Using SQL to Parse a Large JSON Array in Snowflake

JSON is a great data transfer format, and one that is extremely easy to use in Snowflake. From time to time, we get questions from customers about dealing with JSON files that are ‘too large’ for Snowflake to handle. Usually, it turns out that it isn’t actually the file that’s too big, but some element of the file. As the documentation for the VARIANT data type notes, the maximum size of a VARIANT object is 16MB. This is the same as the maximum size of a VARCHAR.

As I mentioned, the issue isn’t the total file size, but the size of the largest element. In the case of the problem a customer ran into recently, the entire JSON file consists of a single element called ‘Report_Entry’, which holds an array of all 22,000 active employees of the company. It looks something like this:

Since the Report_Entry element can’t be over 16MB, and there are about 22k employees, that gives us about 750 characters per employee if we want the array to fit into a single element. This particular source file is running more like 1,000 characters per employee, which makes the element too big and, therefore, the file can’t be processed directly.

We were discussing using Python to convert this file into something that Snowflake could handle more easily, or to parse it directly, but since the format is extremely straight-forward, I realized there’s an easy way to do it directly in SQL.

Here’s how that works:

  1. Create a file format that will let us load the data as raw text, one row per line
  2. Stage the data into a table, with row numbers
  3. Dump the element name, array opener, and array closer, leaving just the employee records
  4. Identify the first and last row for each employee record
  5. Break the existing name/value pairs into separate strings
  6. Aggregate the entire result back into JSON objects in a VARIANT column of a table

At that point, the data will be usable using easy Snowflake SQL syntax.

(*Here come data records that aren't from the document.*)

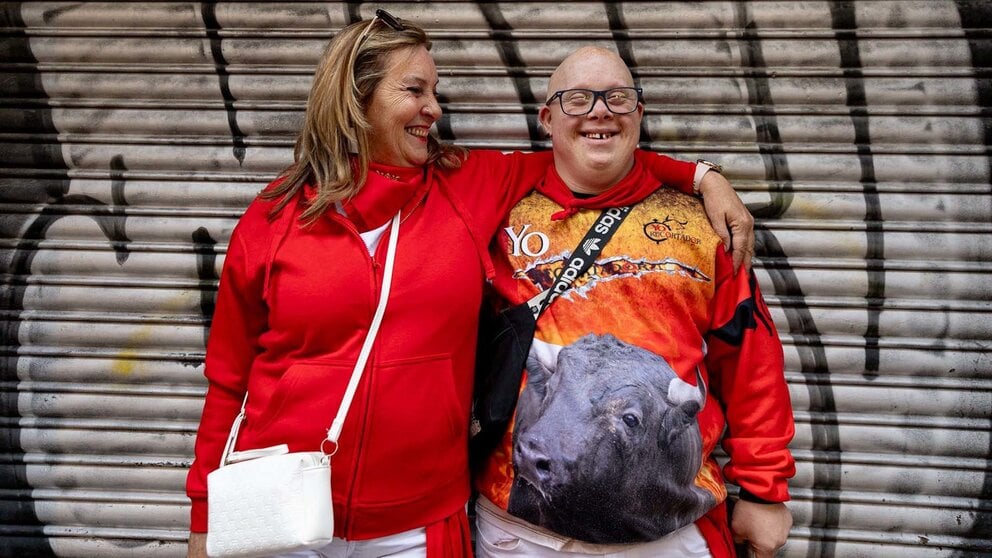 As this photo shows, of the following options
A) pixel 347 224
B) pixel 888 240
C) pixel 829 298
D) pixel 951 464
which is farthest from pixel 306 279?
pixel 951 464

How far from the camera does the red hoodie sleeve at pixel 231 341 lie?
2252mm

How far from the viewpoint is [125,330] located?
10.5 ft

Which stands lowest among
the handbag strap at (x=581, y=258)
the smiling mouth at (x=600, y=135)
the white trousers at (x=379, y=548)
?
the white trousers at (x=379, y=548)

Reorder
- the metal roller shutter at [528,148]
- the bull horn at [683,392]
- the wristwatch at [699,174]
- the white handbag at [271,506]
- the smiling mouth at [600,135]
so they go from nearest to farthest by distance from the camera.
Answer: the white handbag at [271,506]
the bull horn at [683,392]
the smiling mouth at [600,135]
the wristwatch at [699,174]
the metal roller shutter at [528,148]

Note: some of the snippets below make use of column or other object names that are only included in another snippet. The full SQL code is included near the end of the article.

1. Create the File Format

Snowflake’s FILE FORMAT object allows defining lots of parameters about the structure of a data file. In this particular case, we’re going to use the standard CSV format as the basis, but we’re going to generate only a single column by not using a field delimiter:

CREATE OR REPLACE FILE FORMAT RAW_TEXT_ROWS
TYPE = CSV
FIELD_DELIMITER = 'NONE'
REPLACE_INVALID_CHARACTERS = TRUE;

When we use this file format, then, every line of the data file will be turned into a single row in the target table.

2. Stage the Data to a Table

In this snippet, I am creating a very simple target table called JSON_ROW_INPUT, which will hold the data and line number for each line in the file. Then, I run the COPY INTO command. I staged the file to an internal stage called test and the beginning of the file name happens to be Active, as in ‘Active Employees’, so the query simply references that location and path: @test/Active.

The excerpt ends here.